Example of Writing Grammar to Specify a Language
    We will do one example to learn how to write a grammar of a language. 
    Here is an assembly language source file.
    
    ; test xas
      
      symbol
        sp r10    ; stack pointer
        base 100
        dd 2
      code 100
        add r1 r2
        jmp exit
        ld base
        ld 200
      :exit
        add r2 r3
        inc r4 1
        inc r3 dd
        jt exit
      data 200
        10 20
      end
    
    We will write a grammar to specify this ASM langauge.  Assuming that
    the comment line that begins with ";" will be removed by the scanner. 
    Here is the grammar.
    
    program = symsec codesec datasec
      symsec = tkSYMBOL sympair
      sympair = tkNAME symval sympair |
        nil
      codesec = tkCODE tkNUMBER codeline
      codeline = tkLABEL oparg | oparg | nil 
      oparg = opargs codeline
      datasec = tkDATA tkNUMBER dataline 
      dataline =  tkNUMBER dataline |
        tkEND 
      
    
    Where tkXXX denotes a terminal symbol; nil is an
    empty string.
    
    These non-terminal symbols are special: 
        symval       
    the scanner gets either: a name, a register name (r0, r1...), a constant
        opargs       
    parse the line: opcode operand ...  (the machine instruction).  We
    will not get into the details here.
    
    These terminal symbols are more general:
        tkNAME        
    match any non-reserved word  (reserved words are all terminal symbols),
    also keep the string in the symbol table.
        tkLABEL      
    match string begins with ":" (a label), also keep it in the symbol table
        tkNUMBER     match an
    integer
    
    ASM grammar reads this way.
    A program consists of three sections: symbol section, code section and data
    section.  
    The symbol section begins with "symbol" follows by any number of symbol
    pair.  
    A symbol pair consists of a name and a symbol-value.
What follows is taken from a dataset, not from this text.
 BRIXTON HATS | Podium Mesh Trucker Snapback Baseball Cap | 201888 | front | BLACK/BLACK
    The code section begins with "code" follows by a number follows by any
    number of code-line.
    A code-line is either 
      1)  begin with "label" follows by "opcode-arguments"  or
      2)  "opcode-arguments"   (no label) 
    Where "opcode-arguments" is the actual machine code.  We will not get
    into details here.
    The data section begins with "data" follows by a number follows by any
    number of data-line terminated by "end"
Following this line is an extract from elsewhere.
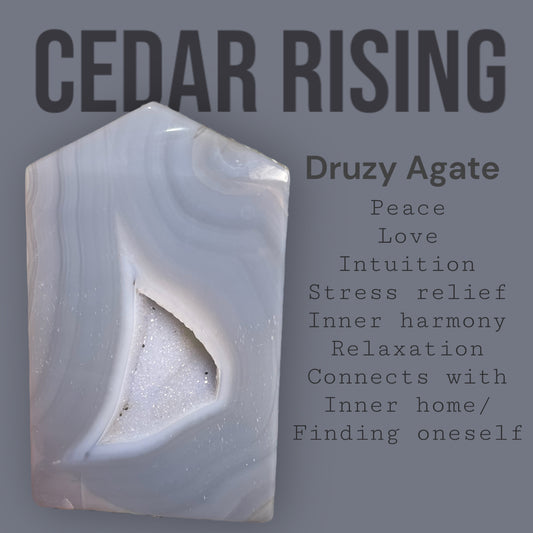 Druzy agate tower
    A data-line is a number.
    
    Please note how we write a right recursive grammar to represent "any number
    of ...".  We need a "nil" to denote a finite repeat (that it will
    end).  Here is the grammar for "any number of sympair".
    symsec = tkSYMBOL sympair
      sympair = tkNAME symval sympair |
        nil
    
    From this grammar we can generate a parser (in any language)
    automatically.   Here is an excerpt from the grammar of ASM
    language (in C).
    
    int program(void){
          if( symsec() ){
              commit(codesec());
              commit(datasec());
              return 1;
          }
          return 0;
      }
      int symsec(void){
          if( tok == tkSYMBOL ){
              mylex();
              commit(sympair());
              return 1;
          }
          return 0;
      }
      int sympair(void){
      loop:
          if( tok == tkNAME ){
              pusht(tokstring);
              mylex();
              commit(symval());
              goto loop;
          }
          return 1;
      }
        . . .
        
      
    Where mylex() is the scan function. It reads the next
    token.  tok is the current token.  commit()
    calls a function and makes sure that it returns true. "pusht()"
    is an extra "action routine" that is defined outside the grammar.  It
    is necessary so that the parser can generate output. In this particular
    example, the parser saves the string of the token in a stack to be used
    later.
    
    Good luck with your grammar writing!
    
    last update 2 Sept 2014